Tuesday, June 21, 2011

BUMMED!! 06/21/2011

Hello everyone!
How are you all doing?  Sorry this email is going to be very short because I have no time today. Well I got transferred and it was probably one of the top five hard things that I have ever had to deal with. Sister Craig and I just pretty much cried for two straight days. I didn't know what else to do and neither did she. We became more than companions. We were best friends too.  And now I just feel like a little piece of me is missing.  Its way hard.  It was so hard to leave Matt and Emily and the Gresser family in Puyallup.  I just cried and so did they.  I can't even express how I feel.  But I know that Heavenly Father needs me in Rochester and I will be okay... soon... I hope.... My new comp is Sister Fisher from Nevada.  I don't know much about her yet.  She doesn't talk a lot.

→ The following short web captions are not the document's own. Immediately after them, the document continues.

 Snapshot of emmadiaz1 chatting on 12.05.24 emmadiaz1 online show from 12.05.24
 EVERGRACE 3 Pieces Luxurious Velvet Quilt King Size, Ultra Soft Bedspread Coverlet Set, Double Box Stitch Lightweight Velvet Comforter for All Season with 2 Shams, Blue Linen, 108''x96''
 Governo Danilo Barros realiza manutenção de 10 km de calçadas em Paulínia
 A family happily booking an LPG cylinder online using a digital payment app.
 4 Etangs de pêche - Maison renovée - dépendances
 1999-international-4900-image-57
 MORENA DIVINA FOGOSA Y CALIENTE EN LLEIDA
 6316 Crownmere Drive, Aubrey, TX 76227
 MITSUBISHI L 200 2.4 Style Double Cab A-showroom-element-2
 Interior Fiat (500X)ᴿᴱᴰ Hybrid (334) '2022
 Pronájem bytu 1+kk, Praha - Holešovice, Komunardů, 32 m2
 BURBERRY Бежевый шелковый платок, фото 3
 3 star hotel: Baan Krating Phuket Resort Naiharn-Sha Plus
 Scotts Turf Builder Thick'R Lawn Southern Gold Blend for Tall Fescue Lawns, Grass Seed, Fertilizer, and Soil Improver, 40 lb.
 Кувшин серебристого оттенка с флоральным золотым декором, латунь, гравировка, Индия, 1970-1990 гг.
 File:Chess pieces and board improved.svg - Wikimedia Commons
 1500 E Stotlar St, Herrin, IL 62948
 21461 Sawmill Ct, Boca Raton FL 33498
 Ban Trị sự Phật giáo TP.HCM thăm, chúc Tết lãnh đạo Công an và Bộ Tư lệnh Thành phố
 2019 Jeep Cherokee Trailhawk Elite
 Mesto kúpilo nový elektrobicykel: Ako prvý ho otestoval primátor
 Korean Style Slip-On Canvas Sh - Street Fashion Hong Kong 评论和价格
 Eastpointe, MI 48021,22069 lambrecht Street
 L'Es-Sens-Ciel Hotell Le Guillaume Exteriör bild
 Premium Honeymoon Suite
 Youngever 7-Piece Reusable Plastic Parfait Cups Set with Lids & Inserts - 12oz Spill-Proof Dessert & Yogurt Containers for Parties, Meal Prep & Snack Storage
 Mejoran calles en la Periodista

Well at least yet.  And I hope she will soon.  Rochester is a tiny little town that kinda reminds me of Escalante.  It should be fun. There are lots of investigators so thats good. Sister Craig is still in Puyallup and she is training a Greenie.  I am so happy for her. But we are both way sad. We moped around for days. And really I feel so lost. I had a little break down last night when I got into my new bed and she was not there to talk too. :( But don't worry I will be okay. Please keep me in your prayers and Keep Sister Craig in your prayers too. She is stressed haha.  I love you all have a great week!  Sorry this email was so depressing. Hahaha. Love you.


Love, Kate

P.s. I am trying to write everyone back who has written me but I am so short on time.  So be patient. Thanks I love you and daddy I hope you had a great fathers day. Love you.

Kate

Monday, June 13, 2011

06/13/11

Hello everybody!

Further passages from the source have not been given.